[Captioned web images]
______________________________
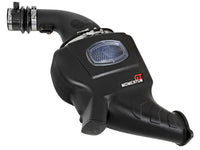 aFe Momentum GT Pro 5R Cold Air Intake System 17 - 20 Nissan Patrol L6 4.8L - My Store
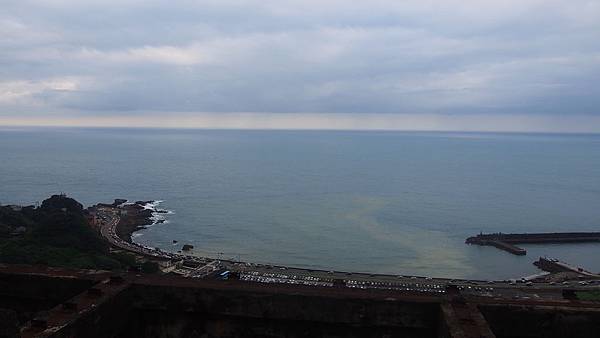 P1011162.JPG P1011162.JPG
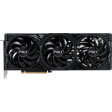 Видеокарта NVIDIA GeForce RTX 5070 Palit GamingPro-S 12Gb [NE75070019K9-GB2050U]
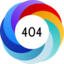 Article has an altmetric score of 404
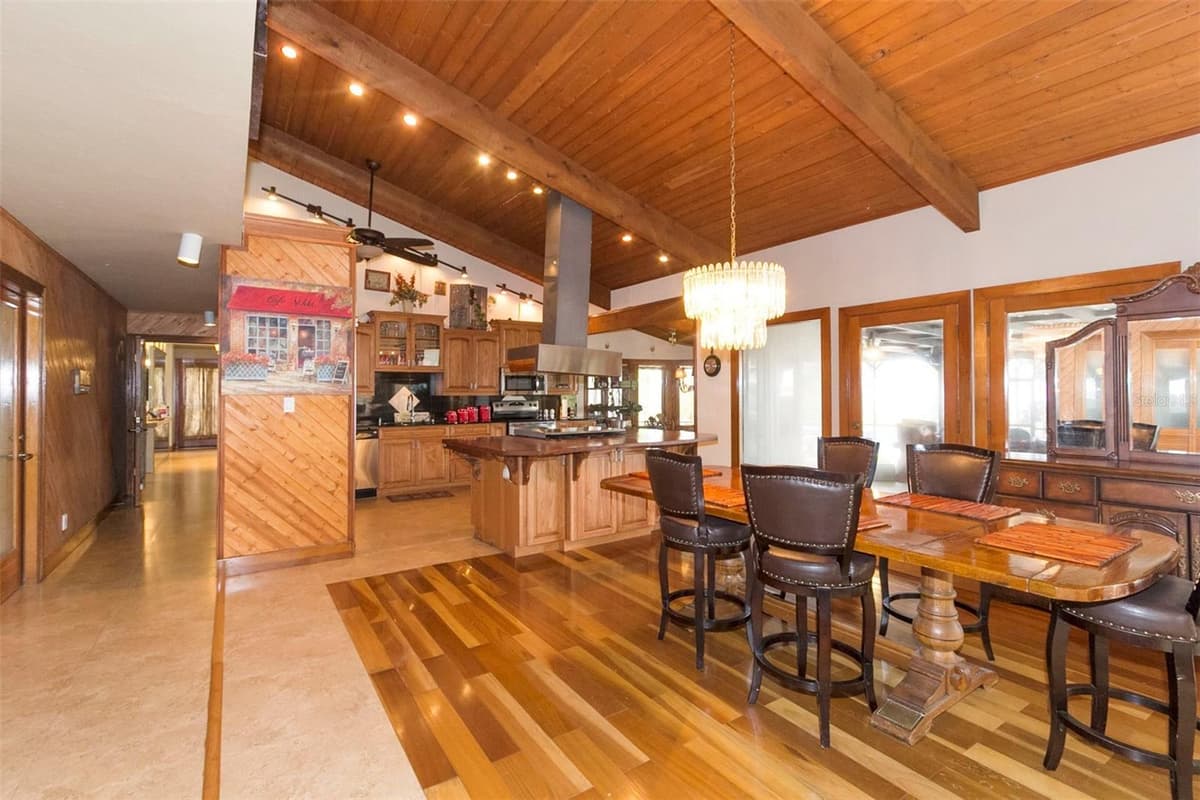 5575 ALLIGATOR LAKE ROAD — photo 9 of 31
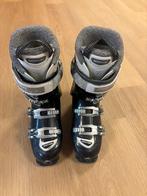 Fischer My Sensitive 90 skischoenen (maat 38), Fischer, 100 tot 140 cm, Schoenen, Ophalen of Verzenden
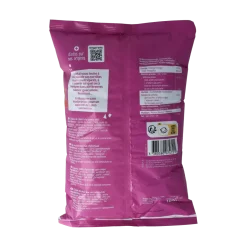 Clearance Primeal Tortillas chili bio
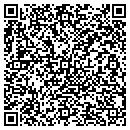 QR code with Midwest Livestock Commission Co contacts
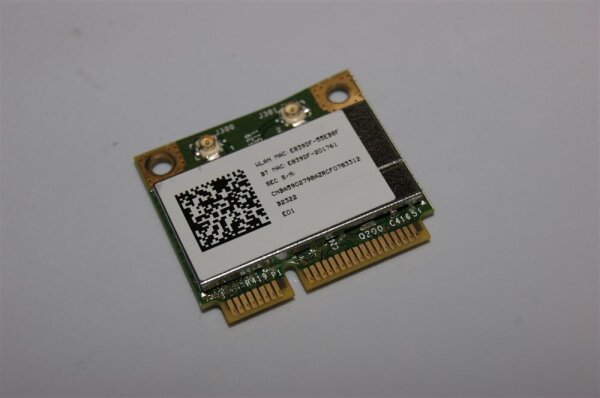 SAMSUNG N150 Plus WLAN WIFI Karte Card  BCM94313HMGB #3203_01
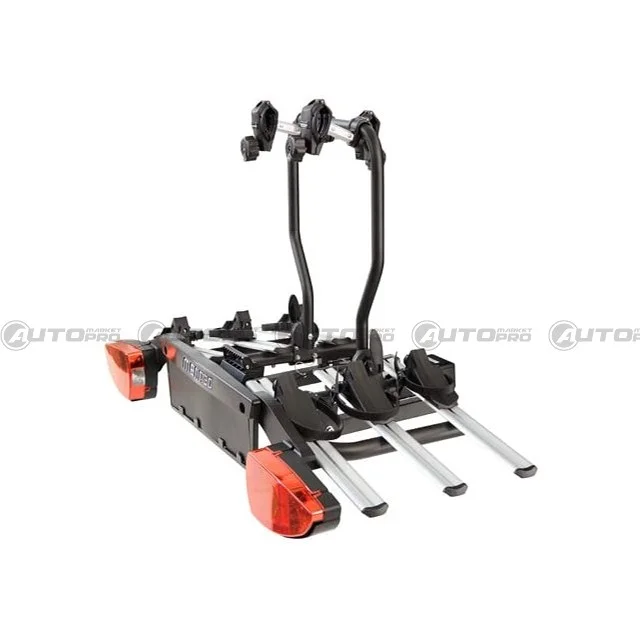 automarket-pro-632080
______________________________
Aim of the task: The output is the lines from the start of the data above through the line containing "Fischer My Sensitive", unchanged, with any picture left out.

Task answer:
 aFe Momentum GT Pro 5R Cold Air Intake System 17 - 20 Nissan Patrol L6 4.8L - My Store
 P1011162.JPG P1011162.JPG
 Видеокарта NVIDIA GeForce RTX 5070 Palit GamingPro-S 12Gb [NE75070019K9-GB2050U]
 Article has an altmetric score of 404
 5575 ALLIGATOR LAKE ROAD — photo 9 of 31
 Fischer My Sensitive 90 skischoenen (maat 38), Fischer, 100 tot 140 cm, Schoenen, Ophalen of Verzenden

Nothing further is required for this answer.